(Records excerpted from a collection)
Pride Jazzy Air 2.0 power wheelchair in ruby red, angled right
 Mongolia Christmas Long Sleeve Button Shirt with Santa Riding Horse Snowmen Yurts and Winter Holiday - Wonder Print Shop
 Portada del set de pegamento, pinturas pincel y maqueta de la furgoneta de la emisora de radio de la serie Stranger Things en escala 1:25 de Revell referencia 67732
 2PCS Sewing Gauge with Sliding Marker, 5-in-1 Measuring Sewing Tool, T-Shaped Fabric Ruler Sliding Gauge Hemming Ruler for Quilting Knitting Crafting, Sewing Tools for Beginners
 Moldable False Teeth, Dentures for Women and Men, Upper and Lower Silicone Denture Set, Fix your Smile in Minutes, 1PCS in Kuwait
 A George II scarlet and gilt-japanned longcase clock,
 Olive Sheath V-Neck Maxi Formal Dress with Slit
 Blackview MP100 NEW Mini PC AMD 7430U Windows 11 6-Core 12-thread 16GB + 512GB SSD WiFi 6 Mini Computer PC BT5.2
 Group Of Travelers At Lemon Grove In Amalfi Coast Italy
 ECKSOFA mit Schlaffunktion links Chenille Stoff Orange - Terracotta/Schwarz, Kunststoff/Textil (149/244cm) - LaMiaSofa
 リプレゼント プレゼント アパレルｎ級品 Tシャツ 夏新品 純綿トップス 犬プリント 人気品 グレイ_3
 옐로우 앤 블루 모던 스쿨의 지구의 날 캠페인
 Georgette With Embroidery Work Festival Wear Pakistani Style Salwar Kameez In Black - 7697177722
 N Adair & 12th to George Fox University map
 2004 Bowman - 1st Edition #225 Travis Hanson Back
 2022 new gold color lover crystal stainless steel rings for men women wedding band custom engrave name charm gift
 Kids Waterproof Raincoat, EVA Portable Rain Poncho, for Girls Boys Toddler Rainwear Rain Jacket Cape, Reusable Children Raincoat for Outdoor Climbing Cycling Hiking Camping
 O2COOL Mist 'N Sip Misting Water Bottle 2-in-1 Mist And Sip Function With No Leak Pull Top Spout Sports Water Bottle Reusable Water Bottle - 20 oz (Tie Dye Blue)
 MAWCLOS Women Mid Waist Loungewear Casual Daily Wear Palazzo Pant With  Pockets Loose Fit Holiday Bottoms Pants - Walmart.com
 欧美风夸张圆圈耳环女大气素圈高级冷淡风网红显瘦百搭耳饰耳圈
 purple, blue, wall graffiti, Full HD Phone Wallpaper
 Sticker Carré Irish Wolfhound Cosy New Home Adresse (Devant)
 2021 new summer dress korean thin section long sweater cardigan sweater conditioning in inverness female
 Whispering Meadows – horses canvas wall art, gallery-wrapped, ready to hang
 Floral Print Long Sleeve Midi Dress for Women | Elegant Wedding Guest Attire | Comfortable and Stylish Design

▶ **Problem to solve**: Take the records above and write each one out again exactly.

▶ **Exercise result**:
Pride Jazzy Air 2.0 power wheelchair in ruby red, angled right
 Mongolia Christmas Long Sleeve Button Shirt with Santa Riding Horse Snowmen Yurts and Winter Holiday - Wonder Print Shop
 Portada del set de pegamento, pinturas pincel y maqueta de la furgoneta de la emisora de radio de la serie Stranger Things en escala 1:25 de Revell referencia 67732
 2PCS Sewing Gauge with Sliding Marker, 5-in-1 Measuring Sewing Tool, T-Shaped Fabric Ruler Sliding Gauge Hemming Ruler for Quilting Knitting Crafting, Sewing Tools for Beginners
 Moldable False Teeth, Dentures for Women and Men, Upper and Lower Silicone Denture Set, Fix your Smile in Minutes, 1PCS in Kuwait
 A George II scarlet and gilt-japanned longcase clock,
 Olive Sheath V-Neck Maxi Formal Dress with Slit
 Blackview MP100 NEW Mini PC AMD 7430U Windows 11 6-Core 12-thread 16GB + 512GB SSD WiFi 6 Mini Computer PC BT5.2
 Group Of Travelers At Lemon Grove In Amalfi Coast Italy
 ECKSOFA mit Schlaffunktion links Chenille Stoff Orange - Terracotta/Schwarz, Kunststoff/Textil (149/244cm) - LaMiaSofa
 リプレゼント プレゼント アパレルｎ級品 Tシャツ 夏新品 純綿トップス 犬プリント 人気品 グレイ_3
 옐로우 앤 블루 모던 스쿨의 지구의 날 캠페인
 Georgette With Embroidery Work Festival Wear Pakistani Style Salwar Kameez In Black - 7697177722
 N Adair & 12th to George Fox University map
 2004 Bowman - 1st Edition #225 Travis Hanson Back
 2022 new gold color lover crystal stainless steel rings for men women wedding band custom engrave name charm gift
 Kids Waterproof Raincoat, EVA Portable Rain Poncho, for Girls Boys Toddler Rainwear Rain Jacket Cape, Reusable Children Raincoat for Outdoor Climbing Cycling Hiking Camping
 O2COOL Mist 'N Sip Misting Water Bottle 2-in-1 Mist And Sip Function With No Leak Pull Top Spout Sports Water Bottle Reusable Water Bottle - 20 oz (Tie Dye Blue)
 MAWCLOS Women Mid Waist Loungewear Casual Daily Wear Palazzo Pant With  Pockets Loose Fit Holiday Bottoms Pants - Walmart.com
 欧美风夸张圆圈耳环女大气素圈高级冷淡风网红显瘦百搭耳饰耳圈
 purple, blue, wall graffiti, Full HD Phone Wallpaper
 Sticker Carré Irish Wolfhound Cosy New Home Adresse (Devant)
 2021 new summer dress korean thin section long sweater cardigan sweater conditioning in inverness female
 Whispering Meadows – horses canvas wall art, gallery-wrapped, ready to hang
 Floral Print Long Sleeve Midi Dress for Women | Elegant Wedding Guest Attire | Comfortable and Stylish Design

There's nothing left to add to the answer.